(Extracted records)
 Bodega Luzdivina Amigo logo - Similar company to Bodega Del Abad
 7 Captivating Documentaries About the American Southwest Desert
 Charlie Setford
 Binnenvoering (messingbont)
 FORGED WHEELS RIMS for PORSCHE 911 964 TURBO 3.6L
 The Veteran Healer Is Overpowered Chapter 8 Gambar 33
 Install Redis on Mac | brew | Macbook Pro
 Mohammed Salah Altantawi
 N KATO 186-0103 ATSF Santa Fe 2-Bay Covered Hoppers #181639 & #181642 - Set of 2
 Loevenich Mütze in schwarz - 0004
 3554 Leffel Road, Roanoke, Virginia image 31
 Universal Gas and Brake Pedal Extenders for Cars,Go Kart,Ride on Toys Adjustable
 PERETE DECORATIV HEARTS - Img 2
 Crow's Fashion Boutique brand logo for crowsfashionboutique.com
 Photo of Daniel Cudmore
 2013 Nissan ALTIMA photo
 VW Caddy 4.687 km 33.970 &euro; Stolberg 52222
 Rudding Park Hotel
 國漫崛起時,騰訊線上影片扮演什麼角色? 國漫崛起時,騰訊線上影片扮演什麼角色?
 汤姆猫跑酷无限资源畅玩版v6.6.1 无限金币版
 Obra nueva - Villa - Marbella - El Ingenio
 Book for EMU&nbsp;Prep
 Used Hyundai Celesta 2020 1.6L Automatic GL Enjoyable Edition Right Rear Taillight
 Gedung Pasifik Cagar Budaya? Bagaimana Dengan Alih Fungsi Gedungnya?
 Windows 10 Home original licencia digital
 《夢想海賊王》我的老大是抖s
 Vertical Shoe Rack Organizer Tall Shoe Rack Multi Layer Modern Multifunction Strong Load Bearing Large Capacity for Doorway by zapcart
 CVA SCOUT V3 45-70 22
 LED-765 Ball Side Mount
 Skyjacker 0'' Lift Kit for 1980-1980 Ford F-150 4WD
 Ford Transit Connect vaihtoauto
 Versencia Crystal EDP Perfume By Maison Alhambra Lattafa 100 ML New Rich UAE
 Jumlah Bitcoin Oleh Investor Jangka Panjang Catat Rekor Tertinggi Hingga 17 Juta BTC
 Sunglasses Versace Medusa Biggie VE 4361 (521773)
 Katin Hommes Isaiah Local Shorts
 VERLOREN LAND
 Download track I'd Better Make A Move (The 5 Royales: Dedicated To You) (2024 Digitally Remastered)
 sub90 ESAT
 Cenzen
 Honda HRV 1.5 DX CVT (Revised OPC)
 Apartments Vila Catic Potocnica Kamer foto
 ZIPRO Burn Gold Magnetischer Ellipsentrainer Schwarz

_WHAT NEEDS TO BE DONE_
Across the entries above, find each line with the word "logo" and please copy it out.

_ANSWER TO THE EXERCISE_
 Bodega Luzdivina Amigo logo - Similar company to Bodega Del Abad
 Crow's Fashion Boutique brand logo for crowsfashionboutique.com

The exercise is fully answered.